Repeat only the lines below from the one containing "fifa online4三中卫打法攻略1" through the one containing "Дитячий бойовий танк", inclusive, exactly as written.
—————
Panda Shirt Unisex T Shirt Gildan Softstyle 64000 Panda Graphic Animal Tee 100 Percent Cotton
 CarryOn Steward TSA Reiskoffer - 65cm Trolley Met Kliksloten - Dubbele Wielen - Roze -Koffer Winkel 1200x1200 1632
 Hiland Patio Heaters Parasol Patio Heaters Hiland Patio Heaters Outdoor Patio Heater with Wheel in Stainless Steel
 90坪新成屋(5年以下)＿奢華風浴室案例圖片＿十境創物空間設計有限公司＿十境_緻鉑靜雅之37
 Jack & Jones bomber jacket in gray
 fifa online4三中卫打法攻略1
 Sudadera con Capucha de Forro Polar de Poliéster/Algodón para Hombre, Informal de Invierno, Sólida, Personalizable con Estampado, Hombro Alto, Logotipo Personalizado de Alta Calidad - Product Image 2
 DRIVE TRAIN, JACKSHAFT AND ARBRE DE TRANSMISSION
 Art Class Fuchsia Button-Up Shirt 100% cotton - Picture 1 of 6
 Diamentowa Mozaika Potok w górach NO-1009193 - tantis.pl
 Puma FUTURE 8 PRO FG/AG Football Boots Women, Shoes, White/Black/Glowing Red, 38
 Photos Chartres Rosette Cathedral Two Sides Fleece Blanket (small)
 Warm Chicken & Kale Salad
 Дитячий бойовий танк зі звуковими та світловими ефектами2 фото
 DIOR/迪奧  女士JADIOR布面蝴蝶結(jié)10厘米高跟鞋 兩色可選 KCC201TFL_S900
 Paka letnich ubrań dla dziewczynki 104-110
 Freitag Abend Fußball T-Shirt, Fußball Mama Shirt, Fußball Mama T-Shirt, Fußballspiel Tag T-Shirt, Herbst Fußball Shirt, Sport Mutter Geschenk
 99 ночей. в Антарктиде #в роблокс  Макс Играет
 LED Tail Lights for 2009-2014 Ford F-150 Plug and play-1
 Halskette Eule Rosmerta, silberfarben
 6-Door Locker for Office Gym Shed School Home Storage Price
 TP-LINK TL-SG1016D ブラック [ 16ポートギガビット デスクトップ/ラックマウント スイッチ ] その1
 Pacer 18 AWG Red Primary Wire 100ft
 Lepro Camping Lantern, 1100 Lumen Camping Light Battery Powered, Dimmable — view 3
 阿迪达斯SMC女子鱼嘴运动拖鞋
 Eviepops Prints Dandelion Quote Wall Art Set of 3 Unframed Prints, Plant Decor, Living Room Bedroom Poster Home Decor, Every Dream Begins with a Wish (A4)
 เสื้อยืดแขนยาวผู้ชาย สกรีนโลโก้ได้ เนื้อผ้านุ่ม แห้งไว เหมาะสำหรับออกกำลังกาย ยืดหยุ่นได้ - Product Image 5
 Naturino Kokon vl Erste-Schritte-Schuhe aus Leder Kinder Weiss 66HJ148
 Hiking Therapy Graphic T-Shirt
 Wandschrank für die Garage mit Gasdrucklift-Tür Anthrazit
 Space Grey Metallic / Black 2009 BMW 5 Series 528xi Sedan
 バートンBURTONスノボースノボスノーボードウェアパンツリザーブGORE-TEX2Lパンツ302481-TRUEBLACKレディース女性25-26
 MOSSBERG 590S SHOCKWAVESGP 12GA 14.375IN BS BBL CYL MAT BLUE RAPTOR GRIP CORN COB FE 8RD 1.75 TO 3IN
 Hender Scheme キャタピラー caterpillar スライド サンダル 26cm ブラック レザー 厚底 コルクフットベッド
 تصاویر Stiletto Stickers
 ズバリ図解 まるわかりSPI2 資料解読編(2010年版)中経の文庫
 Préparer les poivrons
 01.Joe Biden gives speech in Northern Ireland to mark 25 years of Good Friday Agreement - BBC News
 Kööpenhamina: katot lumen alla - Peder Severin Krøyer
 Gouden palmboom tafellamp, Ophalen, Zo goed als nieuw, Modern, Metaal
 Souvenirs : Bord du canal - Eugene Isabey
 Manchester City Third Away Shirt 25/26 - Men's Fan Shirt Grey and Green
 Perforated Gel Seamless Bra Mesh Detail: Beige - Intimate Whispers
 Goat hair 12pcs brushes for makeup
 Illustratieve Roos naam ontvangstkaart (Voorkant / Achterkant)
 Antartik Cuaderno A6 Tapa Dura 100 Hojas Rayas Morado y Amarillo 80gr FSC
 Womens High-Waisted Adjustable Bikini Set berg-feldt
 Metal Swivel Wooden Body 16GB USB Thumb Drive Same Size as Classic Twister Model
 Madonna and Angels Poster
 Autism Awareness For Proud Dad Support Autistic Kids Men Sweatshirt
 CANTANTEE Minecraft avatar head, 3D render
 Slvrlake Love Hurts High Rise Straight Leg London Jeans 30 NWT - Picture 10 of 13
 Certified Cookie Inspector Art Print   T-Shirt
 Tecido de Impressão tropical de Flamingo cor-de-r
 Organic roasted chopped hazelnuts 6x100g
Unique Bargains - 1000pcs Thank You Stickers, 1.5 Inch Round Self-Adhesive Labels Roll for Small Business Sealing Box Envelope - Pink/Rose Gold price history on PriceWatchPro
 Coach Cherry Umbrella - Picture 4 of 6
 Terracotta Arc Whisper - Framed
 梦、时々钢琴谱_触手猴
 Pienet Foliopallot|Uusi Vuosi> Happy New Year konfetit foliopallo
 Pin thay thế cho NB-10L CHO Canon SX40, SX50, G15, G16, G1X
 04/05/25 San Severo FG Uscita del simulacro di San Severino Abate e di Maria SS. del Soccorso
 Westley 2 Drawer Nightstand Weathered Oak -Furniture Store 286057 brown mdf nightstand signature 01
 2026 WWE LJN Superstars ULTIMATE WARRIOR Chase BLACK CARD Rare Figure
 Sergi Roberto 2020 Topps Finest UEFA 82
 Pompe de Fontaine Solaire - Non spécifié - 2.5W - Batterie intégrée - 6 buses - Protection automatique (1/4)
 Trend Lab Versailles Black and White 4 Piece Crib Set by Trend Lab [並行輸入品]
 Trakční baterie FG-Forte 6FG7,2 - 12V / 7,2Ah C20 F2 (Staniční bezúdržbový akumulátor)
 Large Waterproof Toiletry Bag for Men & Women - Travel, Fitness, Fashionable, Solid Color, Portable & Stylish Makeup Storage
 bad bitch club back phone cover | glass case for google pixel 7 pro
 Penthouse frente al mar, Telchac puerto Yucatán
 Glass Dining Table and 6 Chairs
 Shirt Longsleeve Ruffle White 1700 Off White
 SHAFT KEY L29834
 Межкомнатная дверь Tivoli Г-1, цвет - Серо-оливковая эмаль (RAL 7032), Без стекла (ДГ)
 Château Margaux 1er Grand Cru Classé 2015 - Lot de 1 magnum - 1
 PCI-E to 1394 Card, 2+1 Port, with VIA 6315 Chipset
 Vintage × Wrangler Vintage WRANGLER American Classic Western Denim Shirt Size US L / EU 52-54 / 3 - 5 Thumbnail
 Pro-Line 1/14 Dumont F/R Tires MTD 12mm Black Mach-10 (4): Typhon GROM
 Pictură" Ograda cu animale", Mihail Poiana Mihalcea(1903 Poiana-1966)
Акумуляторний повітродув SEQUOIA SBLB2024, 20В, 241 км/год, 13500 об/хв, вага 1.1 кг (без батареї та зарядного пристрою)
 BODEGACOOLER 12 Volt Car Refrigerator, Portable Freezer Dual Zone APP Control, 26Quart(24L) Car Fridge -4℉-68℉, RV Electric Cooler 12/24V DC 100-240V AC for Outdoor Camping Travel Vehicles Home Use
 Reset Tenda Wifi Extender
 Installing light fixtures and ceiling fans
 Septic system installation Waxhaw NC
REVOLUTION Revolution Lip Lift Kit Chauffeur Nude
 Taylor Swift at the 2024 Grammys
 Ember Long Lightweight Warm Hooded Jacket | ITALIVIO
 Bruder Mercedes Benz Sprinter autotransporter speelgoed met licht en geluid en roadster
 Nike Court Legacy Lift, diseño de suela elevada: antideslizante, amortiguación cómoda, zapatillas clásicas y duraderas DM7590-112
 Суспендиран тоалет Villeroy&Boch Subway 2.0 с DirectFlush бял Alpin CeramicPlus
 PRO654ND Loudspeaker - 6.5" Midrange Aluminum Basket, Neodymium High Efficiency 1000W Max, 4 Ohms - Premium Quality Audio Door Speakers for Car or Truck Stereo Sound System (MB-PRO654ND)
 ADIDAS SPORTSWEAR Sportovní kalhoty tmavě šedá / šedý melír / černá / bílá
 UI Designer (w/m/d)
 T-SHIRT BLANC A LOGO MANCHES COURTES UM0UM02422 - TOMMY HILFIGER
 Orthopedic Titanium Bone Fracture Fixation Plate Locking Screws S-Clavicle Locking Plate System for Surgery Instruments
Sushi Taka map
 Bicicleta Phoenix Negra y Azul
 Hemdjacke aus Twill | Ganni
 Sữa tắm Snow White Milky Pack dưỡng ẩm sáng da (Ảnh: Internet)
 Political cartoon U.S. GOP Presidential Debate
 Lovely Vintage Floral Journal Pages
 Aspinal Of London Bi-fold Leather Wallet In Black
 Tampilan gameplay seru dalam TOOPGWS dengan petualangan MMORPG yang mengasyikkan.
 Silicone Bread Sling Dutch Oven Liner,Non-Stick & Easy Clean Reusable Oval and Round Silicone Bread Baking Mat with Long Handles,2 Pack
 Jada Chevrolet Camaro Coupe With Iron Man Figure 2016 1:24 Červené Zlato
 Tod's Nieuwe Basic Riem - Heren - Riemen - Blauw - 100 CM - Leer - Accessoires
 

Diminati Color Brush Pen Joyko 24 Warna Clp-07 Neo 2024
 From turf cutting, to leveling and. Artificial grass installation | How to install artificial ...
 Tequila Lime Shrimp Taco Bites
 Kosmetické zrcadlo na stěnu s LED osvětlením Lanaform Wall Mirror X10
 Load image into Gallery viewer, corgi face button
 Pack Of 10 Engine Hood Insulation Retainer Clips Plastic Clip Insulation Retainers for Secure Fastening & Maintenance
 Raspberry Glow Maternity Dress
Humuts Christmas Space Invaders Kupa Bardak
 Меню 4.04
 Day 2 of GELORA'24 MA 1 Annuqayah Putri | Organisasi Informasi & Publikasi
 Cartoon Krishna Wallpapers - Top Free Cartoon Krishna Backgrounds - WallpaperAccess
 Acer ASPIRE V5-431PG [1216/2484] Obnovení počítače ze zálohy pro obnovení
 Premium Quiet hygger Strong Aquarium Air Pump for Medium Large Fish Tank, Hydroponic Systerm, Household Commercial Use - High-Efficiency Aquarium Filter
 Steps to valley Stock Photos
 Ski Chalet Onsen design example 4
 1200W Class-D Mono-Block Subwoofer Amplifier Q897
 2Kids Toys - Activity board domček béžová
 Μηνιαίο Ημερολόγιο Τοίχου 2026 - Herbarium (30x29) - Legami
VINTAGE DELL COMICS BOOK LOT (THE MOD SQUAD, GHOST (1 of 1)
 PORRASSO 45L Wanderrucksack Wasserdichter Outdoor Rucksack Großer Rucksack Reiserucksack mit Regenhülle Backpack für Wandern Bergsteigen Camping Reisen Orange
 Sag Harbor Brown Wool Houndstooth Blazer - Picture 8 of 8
—————
**WRITTEN ANSWER:**
 fifa online4三中卫打法攻略1
 Sudadera con Capucha de Forro Polar de Poliéster/Algodón para Hombre, Informal de Invierno, Sólida, Personalizable con Estampado, Hombro Alto, Logotipo Personalizado de Alta Calidad - Product Image 2
 DRIVE TRAIN, JACKSHAFT AND ARBRE DE TRANSMISSION
 Art Class Fuchsia Button-Up Shirt 100% cotton - Picture 1 of 6
 Diamentowa Mozaika Potok w górach NO-1009193 - tantis.pl
 Puma FUTURE 8 PRO FG/AG Football Boots Women, Shoes, White/Black/Glowing Red, 38
 Photos Chartres Rosette Cathedral Two Sides Fleece Blanket (small)
 Warm Chicken & Kale Salad
 Дитячий бойовий танк зі звуковими та світловими ефектами2 фото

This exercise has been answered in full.